Segment Start: Input data

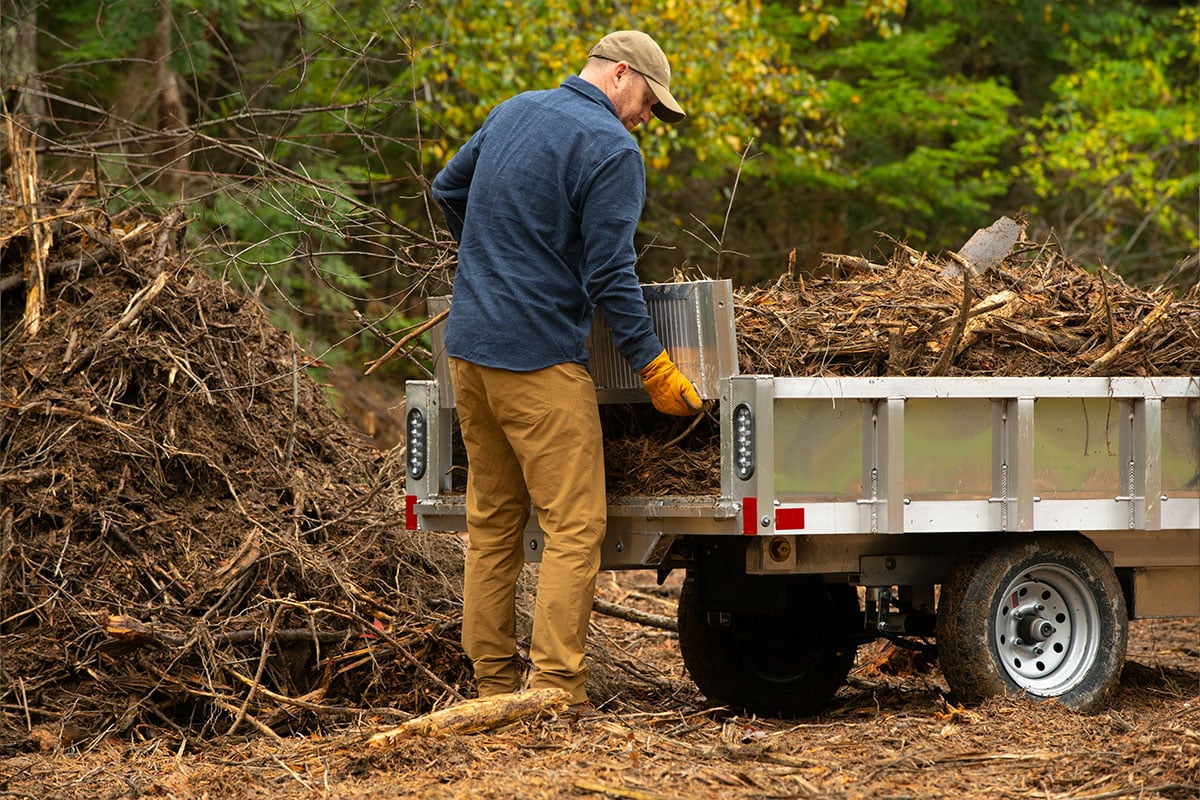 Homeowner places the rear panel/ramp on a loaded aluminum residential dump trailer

Segment End: Input data
Segment Start: Input data

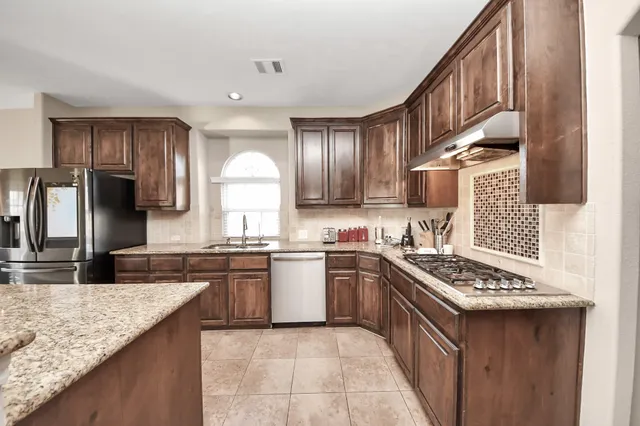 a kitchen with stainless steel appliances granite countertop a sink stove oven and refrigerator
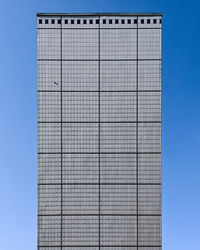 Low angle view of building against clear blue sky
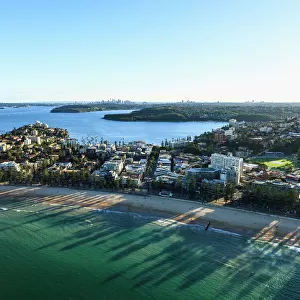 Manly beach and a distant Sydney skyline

Segment End: Input data
Segment Start: Input data

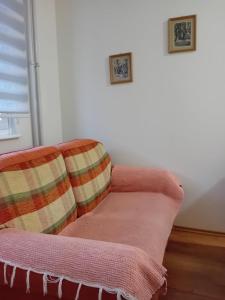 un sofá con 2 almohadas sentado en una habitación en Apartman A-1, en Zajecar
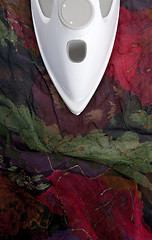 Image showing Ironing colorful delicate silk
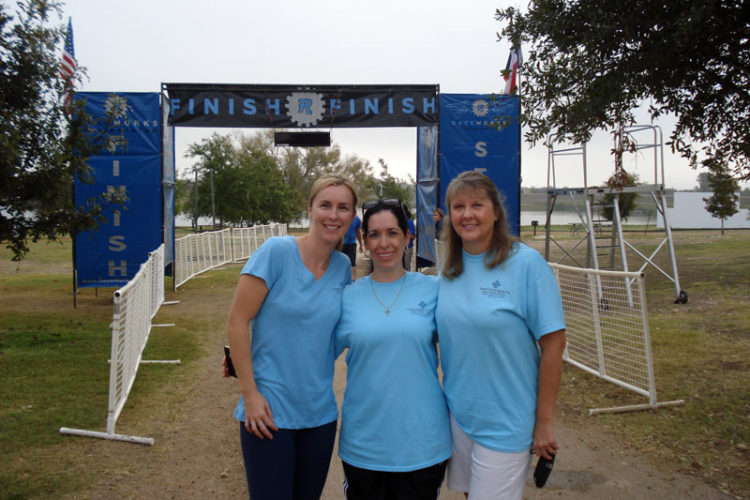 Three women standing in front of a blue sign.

Segment End: Input data

Work item >>
Using the data above, retype exactly the lines from the line with "Image showing Ironing colorful delicate silk" to the line with "Three women standing", inclusive. No pictures and nothing else.

Exercise answer >>
 Image showing Ironing colorful delicate silk
 Three women standing in front of a blue sign.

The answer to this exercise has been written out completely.